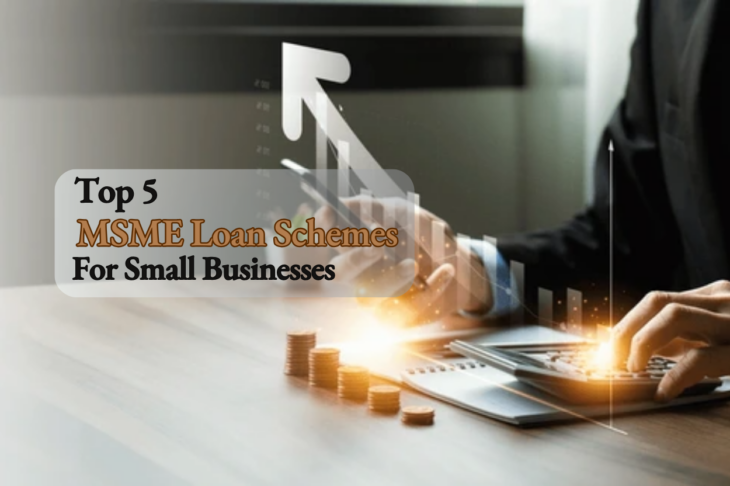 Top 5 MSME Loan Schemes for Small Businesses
_ _ _ _
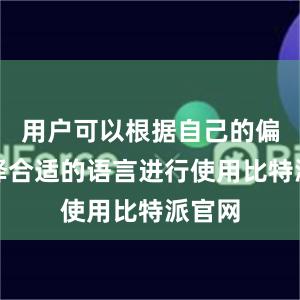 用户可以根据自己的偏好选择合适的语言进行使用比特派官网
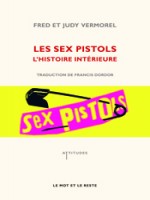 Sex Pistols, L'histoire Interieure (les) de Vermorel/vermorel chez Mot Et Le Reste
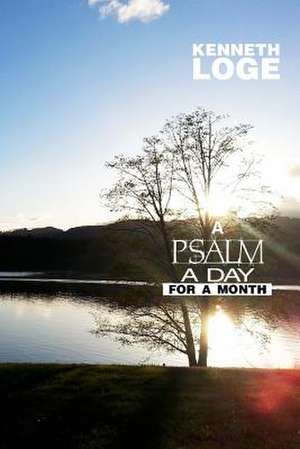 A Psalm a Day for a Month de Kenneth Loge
_ _ _ _
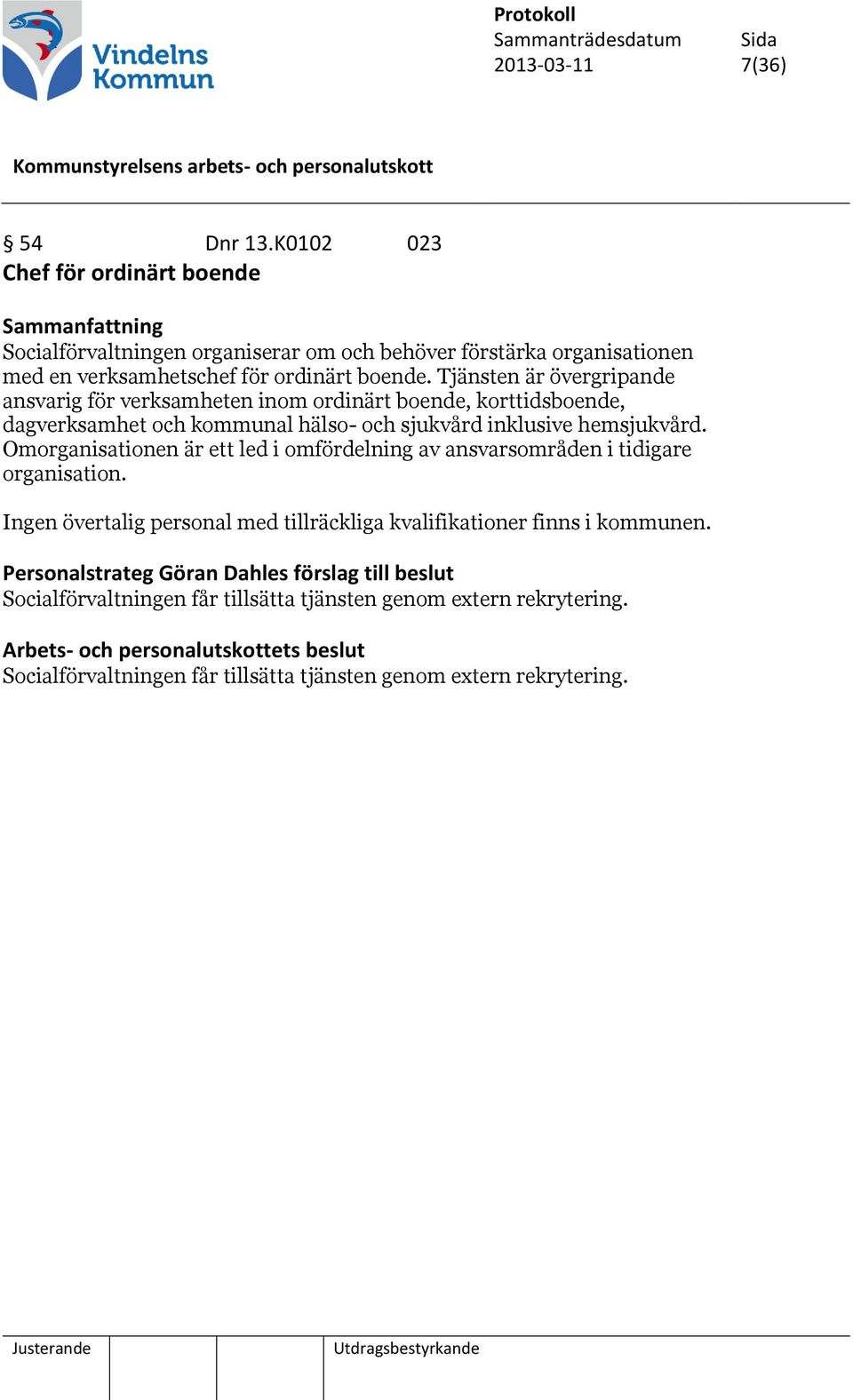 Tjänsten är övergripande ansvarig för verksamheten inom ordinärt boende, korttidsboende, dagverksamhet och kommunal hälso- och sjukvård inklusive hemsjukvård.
_ _ _ _
• Work item
Above are entries with pictures among them. Write out exactly the lines from the one containing "Sex Pistols, L'histoire" through the one containing "A Psalm a Day for a Month de Kenneth Loge", ends included, and leave those pictures out.

• Final answer
 Sex Pistols, L'histoire Interieure (les) de Vermorel/vermorel chez Mot Et Le Reste
 A Psalm a Day for a Month de Kenneth Loge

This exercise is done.